*** Data segment Section Begins ***
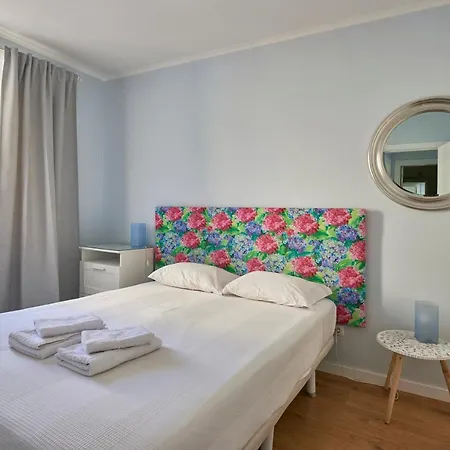 Elegant Riverview In Historical Lisbona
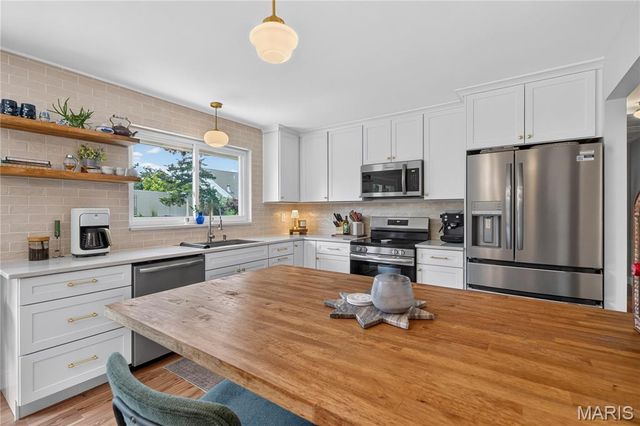 2521 Rain Forest Drive, Wildwood, MO 63011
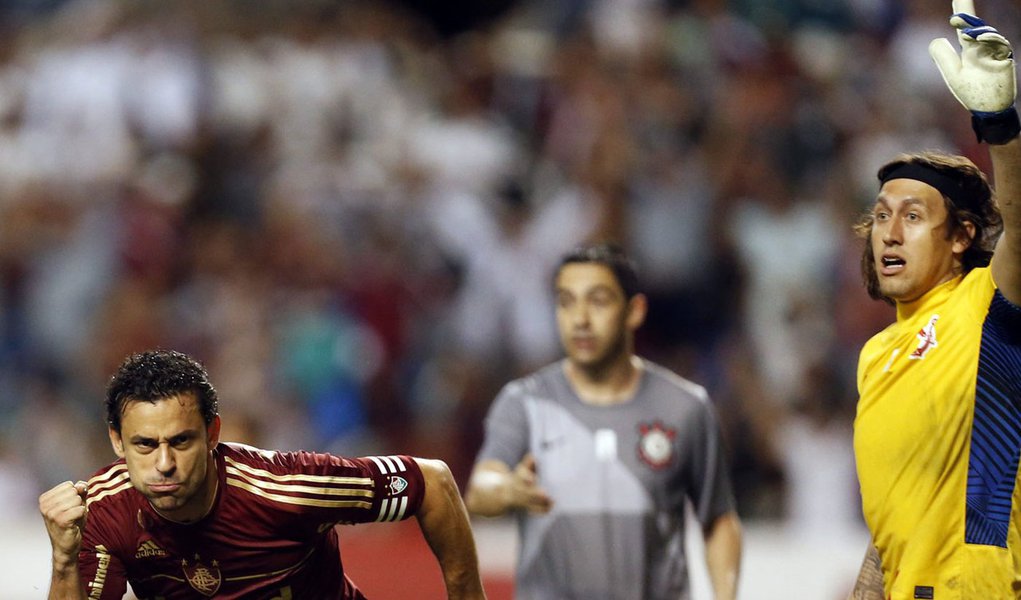 Flu marca no fim e empata com o Timão (Foto: RICARDO MORAES/Reuters) Flu marca no fim e empata com o Timão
*** Data segment Section Ends ***
● Task details: Give back, word for word, the lines from the one containing "2521 Rain Forest Drive, Wildwood, MO 63011" through the last line of the listing above; include both ends and exclude the pictures.

● Exercise answer:
 2521 Rain Forest Drive, Wildwood, MO 63011
 Flu marca no fim e empata com o Timão (Foto: RICARDO MORAES/Reuters) Flu marca no fim e empata com o Timão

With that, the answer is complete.